A proposal to ban greyhound racing in Florida received unanimous approval from a commission panel on Thursday, pushing the measure closer to being put on the November 2018 ballot, according to CBS Miami.
The Florida Constitution Commission panel has the power to put the proposal directly on the ballot, something animal rights activists have failed to achieve at this point.
Supporters of the proposal have raised issues such as greyhound injuries and deaths in their argument to shut down the decades-long staple of the state’s gambling industry, pointing to more than 400 racing greyhound deaths at Florida tracks since 2013.
While state law doesn’t require tracks to report causes of death, activists believe that inhumane treatment, including malnourishment and lax treatment of injuries are to blame in a lot of the cases, according to Spectrum Bay News 9.
Twenty-two greyhounds in Florida also tested positive for cocaine earlier this year, records show.
The measure’s sponsor, Sen. Tom Lee, R-Brandon,, predicts an overwhelming approval by voters should it reach the ballot. He also told the CRC’s General Provisions Committee before the vote that the greyhound racing industry had repeatedly thwarted attempts to end races at Florida’s 13 dog tracks by attaching them to gaming reform, which has also proved elusive, Bay News 9 reports.
Locally, the Sarasota Kennel Club, at 5400 Bradenton Road, Sarasota, has hosted greyhound races since its opening in 1929. The club did not have a comment on the ban.
“This is, for me, a matter of conscience,” Sen. Lee said. “Our society has changed. We are evolving as a people. We are becoming more sensitive to those who occupy this world with us, regardless of their species, and to those who are going to follow us for generations to come. And that’s a good thing. And as we’ve evolved, we’ve banned all sorts of activities that have been considered cruel to animals — bullfighting and cockfighting and all kinds of things. To me, this is just the next step on that plane of becoming more sensitive to this kind of inhumanity.”
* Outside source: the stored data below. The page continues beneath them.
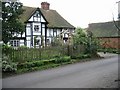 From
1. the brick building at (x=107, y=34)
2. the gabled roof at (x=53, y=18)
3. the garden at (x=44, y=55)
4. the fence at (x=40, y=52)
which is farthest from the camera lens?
the brick building at (x=107, y=34)

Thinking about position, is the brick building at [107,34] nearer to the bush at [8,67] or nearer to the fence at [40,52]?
the fence at [40,52]

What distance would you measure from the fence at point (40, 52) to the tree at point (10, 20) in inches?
176

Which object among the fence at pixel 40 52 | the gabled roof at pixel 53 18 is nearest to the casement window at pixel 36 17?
the gabled roof at pixel 53 18

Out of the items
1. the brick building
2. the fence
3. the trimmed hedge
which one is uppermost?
the brick building

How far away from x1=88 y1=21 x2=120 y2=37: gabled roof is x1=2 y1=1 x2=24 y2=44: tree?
24.9 meters

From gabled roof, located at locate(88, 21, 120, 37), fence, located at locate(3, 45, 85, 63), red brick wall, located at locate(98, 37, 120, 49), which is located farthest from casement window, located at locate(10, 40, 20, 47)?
gabled roof, located at locate(88, 21, 120, 37)

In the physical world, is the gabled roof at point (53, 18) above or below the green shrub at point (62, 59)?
above

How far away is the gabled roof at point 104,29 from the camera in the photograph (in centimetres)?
4496

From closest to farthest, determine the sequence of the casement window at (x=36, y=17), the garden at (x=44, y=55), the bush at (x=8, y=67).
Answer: the bush at (x=8, y=67) → the garden at (x=44, y=55) → the casement window at (x=36, y=17)

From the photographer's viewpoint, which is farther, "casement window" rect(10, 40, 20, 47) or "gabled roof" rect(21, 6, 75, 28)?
"gabled roof" rect(21, 6, 75, 28)

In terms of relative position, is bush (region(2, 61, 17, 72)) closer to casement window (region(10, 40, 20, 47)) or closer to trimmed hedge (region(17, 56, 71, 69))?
trimmed hedge (region(17, 56, 71, 69))

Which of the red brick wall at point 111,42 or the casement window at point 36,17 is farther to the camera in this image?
the red brick wall at point 111,42

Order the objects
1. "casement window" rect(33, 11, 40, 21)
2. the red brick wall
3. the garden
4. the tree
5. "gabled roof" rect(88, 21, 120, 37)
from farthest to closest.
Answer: "gabled roof" rect(88, 21, 120, 37) < the red brick wall < "casement window" rect(33, 11, 40, 21) < the tree < the garden

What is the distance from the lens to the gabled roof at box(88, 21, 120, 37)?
45.0 meters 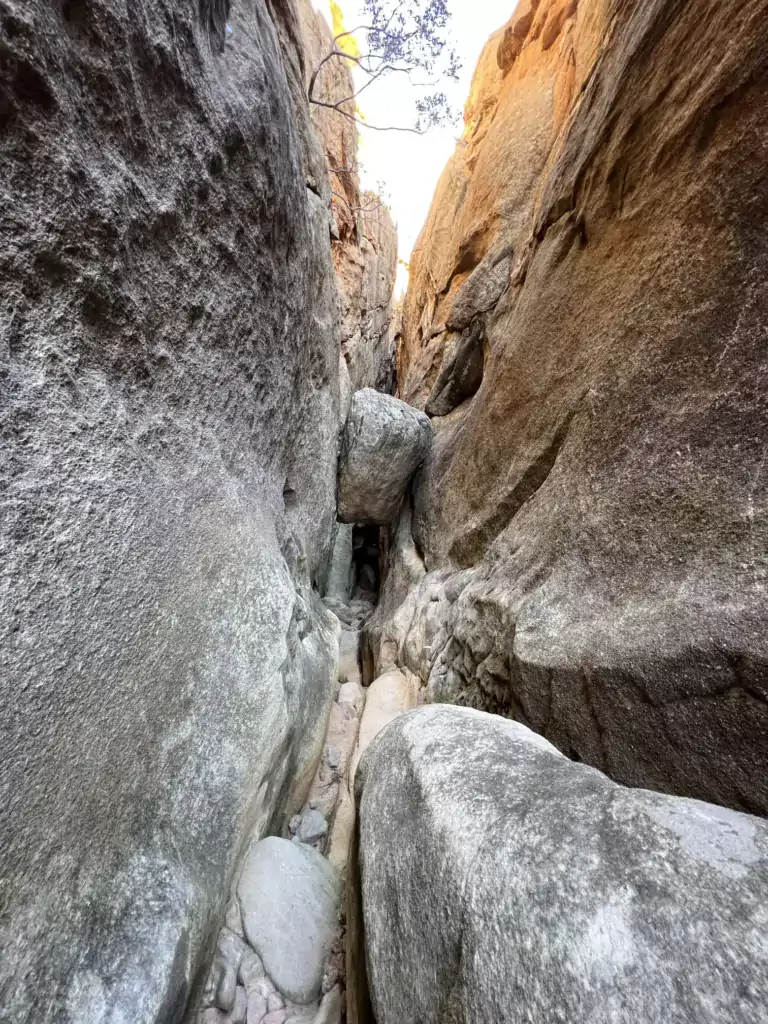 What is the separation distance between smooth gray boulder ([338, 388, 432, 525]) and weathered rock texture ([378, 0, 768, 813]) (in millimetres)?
1780

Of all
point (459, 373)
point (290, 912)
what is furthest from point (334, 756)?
point (459, 373)

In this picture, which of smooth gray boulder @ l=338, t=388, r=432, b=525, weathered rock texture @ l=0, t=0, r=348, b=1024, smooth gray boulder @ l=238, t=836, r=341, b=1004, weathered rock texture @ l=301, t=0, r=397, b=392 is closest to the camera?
weathered rock texture @ l=0, t=0, r=348, b=1024

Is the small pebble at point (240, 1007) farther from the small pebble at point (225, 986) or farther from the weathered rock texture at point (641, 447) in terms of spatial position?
the weathered rock texture at point (641, 447)

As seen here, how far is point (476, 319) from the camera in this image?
21.6 feet

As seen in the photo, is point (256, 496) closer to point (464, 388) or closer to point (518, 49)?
point (464, 388)

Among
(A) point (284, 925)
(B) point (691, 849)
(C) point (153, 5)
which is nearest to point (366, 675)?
(A) point (284, 925)

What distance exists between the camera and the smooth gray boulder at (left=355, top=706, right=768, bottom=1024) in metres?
1.04

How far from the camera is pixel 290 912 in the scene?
85.7 inches

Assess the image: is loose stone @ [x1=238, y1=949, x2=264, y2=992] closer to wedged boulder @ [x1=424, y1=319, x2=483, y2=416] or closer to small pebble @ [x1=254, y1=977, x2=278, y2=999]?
small pebble @ [x1=254, y1=977, x2=278, y2=999]

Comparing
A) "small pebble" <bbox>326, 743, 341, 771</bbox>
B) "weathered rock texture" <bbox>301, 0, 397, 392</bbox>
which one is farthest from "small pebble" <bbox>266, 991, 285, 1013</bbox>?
"weathered rock texture" <bbox>301, 0, 397, 392</bbox>

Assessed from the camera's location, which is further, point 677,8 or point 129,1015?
point 677,8

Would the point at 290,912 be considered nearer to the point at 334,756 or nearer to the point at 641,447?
the point at 334,756

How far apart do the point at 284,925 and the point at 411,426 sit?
532cm

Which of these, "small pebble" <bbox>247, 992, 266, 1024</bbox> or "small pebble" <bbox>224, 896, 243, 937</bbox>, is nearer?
"small pebble" <bbox>247, 992, 266, 1024</bbox> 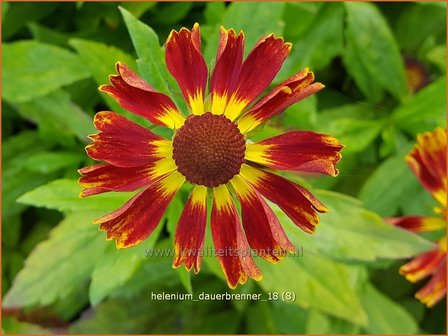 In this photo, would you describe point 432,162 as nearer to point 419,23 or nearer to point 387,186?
point 387,186

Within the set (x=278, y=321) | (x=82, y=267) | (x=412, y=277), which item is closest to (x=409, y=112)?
(x=412, y=277)

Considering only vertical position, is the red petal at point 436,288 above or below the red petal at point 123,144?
below

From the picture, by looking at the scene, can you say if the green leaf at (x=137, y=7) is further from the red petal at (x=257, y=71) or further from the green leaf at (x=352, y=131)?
the red petal at (x=257, y=71)

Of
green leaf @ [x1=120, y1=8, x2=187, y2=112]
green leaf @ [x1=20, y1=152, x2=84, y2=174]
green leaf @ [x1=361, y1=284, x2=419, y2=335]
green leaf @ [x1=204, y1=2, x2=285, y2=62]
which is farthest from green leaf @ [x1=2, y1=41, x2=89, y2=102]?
green leaf @ [x1=361, y1=284, x2=419, y2=335]

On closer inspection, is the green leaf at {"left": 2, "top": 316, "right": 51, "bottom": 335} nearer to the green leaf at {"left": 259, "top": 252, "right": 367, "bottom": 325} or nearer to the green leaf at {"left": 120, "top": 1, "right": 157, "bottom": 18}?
the green leaf at {"left": 259, "top": 252, "right": 367, "bottom": 325}

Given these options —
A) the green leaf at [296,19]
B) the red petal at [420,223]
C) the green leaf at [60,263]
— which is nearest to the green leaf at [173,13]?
the green leaf at [296,19]

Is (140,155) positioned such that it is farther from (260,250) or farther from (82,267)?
(82,267)

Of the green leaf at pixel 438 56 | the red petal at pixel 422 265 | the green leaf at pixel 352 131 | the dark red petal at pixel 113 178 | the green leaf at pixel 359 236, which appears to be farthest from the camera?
the green leaf at pixel 438 56

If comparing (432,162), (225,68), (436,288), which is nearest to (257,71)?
(225,68)
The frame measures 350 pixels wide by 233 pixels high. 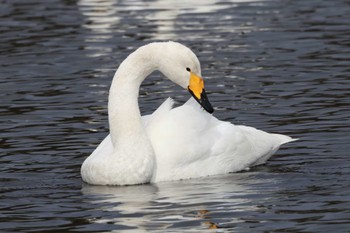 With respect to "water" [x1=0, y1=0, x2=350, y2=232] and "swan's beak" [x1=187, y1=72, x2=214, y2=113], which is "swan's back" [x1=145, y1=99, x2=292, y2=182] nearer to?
"water" [x1=0, y1=0, x2=350, y2=232]

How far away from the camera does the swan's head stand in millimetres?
12344

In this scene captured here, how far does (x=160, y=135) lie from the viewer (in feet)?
41.0

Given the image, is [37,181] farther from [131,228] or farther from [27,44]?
[27,44]

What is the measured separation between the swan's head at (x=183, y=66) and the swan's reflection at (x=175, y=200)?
0.77 meters

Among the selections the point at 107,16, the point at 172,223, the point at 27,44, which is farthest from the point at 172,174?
the point at 107,16

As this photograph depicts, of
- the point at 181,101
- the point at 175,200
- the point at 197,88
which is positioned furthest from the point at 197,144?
the point at 181,101

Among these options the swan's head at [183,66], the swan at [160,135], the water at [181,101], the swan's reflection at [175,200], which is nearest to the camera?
the swan's reflection at [175,200]

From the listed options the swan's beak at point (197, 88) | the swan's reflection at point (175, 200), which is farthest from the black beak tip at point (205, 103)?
the swan's reflection at point (175, 200)

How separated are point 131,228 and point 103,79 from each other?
887 cm

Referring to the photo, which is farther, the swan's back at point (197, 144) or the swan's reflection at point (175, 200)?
the swan's back at point (197, 144)

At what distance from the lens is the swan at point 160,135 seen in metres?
12.2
The dog racing industry disputes that any of Florida’s 8,000 racing greyhounds are mistreated and say that a ban would result in a loss of about 3,000 jobs. While business has declined at the tracks over the past several years, the races still bring in about $80 million annually, reports Bay News 9.
The proposal will go to the commission’s Executive Committee before it can be considered by the full 37-member commission. If approved by voters, the proposal (Proposal 67) would ban all greyhound racing as of Dec. 31, 2019.